* **What to produce**:
Starting at the first line of the data below, retype every line up to and including the one containing "Camping Trip (Phonics".

* **Given data**:

--------------------

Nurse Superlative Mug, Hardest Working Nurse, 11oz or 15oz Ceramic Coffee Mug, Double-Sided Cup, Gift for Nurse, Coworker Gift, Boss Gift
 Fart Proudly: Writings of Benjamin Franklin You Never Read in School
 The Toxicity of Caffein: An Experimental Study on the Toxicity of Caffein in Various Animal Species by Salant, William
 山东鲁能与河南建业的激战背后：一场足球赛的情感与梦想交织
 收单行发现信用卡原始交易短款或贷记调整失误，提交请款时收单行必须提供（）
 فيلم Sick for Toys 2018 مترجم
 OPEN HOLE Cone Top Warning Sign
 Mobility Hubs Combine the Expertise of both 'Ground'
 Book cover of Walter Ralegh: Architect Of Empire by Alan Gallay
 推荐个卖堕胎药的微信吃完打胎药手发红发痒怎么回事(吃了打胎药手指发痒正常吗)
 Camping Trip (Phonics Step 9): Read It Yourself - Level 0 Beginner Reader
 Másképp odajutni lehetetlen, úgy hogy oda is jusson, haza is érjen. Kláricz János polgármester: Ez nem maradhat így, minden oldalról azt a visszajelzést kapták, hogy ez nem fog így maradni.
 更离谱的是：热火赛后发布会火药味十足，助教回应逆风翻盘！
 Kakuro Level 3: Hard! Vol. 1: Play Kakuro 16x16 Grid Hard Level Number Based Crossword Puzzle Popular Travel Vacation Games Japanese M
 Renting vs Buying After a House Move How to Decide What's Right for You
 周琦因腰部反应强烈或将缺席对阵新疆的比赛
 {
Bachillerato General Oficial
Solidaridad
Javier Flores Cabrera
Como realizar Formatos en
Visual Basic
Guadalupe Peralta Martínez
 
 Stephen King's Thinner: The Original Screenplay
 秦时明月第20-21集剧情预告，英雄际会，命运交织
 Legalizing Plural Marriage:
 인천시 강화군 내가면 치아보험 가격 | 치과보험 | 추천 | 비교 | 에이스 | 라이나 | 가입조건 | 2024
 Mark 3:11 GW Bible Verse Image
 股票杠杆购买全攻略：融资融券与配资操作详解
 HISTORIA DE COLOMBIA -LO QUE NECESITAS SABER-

--------------------

* **Reply to the task**:
Nurse Superlative Mug, Hardest Working Nurse, 11oz or 15oz Ceramic Coffee Mug, Double-Sided Cup, Gift for Nurse, Coworker Gift, Boss Gift
 Fart Proudly: Writings of Benjamin Franklin You Never Read in School
 The Toxicity of Caffein: An Experimental Study on the Toxicity of Caffein in Various Animal Species by Salant, William
 山东鲁能与河南建业的激战背后：一场足球赛的情感与梦想交织
 收单行发现信用卡原始交易短款或贷记调整失误，提交请款时收单行必须提供（）
 فيلم Sick for Toys 2018 مترجم
 OPEN HOLE Cone Top Warning Sign
 Mobility Hubs Combine the Expertise of both 'Ground'
 Book cover of Walter Ralegh: Architect Of Empire by Alan Gallay
 推荐个卖堕胎药的微信吃完打胎药手发红发痒怎么回事(吃了打胎药手指发痒正常吗)
 Camping Trip (Phonics Step 9): Read It Yourself - Level 0 Beginner Reader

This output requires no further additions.